Enemy Of My Enemy

Thanks in no small part to my subconscious’ decision to end each and every dream I have in a cliffhanger – a tendency that, judging by last week’s inconclusive dream-time romp about rescuing my brother from an insidious cult, isn’t getting any better – I’ve started waking up about five or six times a night. While some have pinned sleep apnea as the culprit, I prefer to think it’s Syd Fields astral projecting his way into my mind, hoping I’ll cave and take his story seminar in an effort to find sweet release. Regardless, neither Syd nor apnea was the problem last night. It was the massive Boeing 747 circling slowly but deliberately overhead.

At least, that’s what the mosquito sounded like.

I have a history with mosquitoes. During the muggy Vancouver summers of my youth, I waged a nightly war against them using only a physics textbook that was curiously still in its original wrapping. And by the end of every August, my room’s walls told the story of this Sisyphian battle, with hundreds of bugs flattened against them like so many downed Nazi fighters stenciled on the side of an Allied bomber. It wasn’t the idea of getting bitten that drove me to nightly bloodlust – it was that terrible buzzing; nature’s own psychological warfare. An untapped gold mine for sleep deprivation researchers worldwide.

And there it was last night, near-deafening as the mosquito went in for the kill. After a noble thirty-seven seconds of doing my best to ignore it, I finally vaulted out of bed and slammed on the light. The nearest weapon was a fitness book with, somehow fittingly, a broken spine. Wielding it like a madman, I went for the first dark spot I could see against my white walls and smashed –

A spider.

This, I have to admit, gave me a moment’s pause. Yes, the spider could have inflicted a bite just like the mosquito. But at the same time, it was a silent hunter and the enemy of my enemy. I must have stared at that black smudge on the wall for a good thirty seconds, eyelids at half mast as my mind raced to decide whether it was a wise strategy to have killed my best – albeit reluctant – ally. The only answer I received was the faint buzzing of the mosquito’s wings, growing stronger as it went in for the attack.

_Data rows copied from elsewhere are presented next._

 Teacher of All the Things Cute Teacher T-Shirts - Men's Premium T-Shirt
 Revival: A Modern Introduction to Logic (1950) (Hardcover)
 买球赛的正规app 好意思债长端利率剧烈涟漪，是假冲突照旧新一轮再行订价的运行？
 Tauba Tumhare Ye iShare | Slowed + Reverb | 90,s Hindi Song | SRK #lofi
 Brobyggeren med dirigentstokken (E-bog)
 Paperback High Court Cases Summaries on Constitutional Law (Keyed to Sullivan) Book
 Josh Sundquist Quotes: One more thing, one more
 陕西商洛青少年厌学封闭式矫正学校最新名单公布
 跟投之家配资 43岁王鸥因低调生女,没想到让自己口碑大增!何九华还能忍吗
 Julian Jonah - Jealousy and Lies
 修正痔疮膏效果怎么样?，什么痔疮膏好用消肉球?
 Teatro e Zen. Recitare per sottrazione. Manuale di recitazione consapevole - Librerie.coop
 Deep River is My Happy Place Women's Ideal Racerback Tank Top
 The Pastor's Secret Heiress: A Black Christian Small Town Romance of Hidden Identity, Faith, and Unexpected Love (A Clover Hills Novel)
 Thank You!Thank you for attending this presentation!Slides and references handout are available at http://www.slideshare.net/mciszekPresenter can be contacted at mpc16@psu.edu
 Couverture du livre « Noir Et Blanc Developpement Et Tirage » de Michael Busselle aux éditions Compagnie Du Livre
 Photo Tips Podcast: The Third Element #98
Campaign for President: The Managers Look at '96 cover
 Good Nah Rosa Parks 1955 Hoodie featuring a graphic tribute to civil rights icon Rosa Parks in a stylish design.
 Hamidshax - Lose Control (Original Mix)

I’m convinced that there’s some important lesson about the futility of war here but I’ll be damned if I can figure out what it might be.

Oh, and just so you don’t think my storytelling style has been corrupted by the narrative incoherence of my dreams, I never did kill the mosquito. I wound up positioning an industrial fan at my feet and turning it on full blast, creating a makeshift wind tunnel that I was pretty sure no mosquito could handle. Sure, the breeze nearly made me freeze to death. But like they say, war is hell.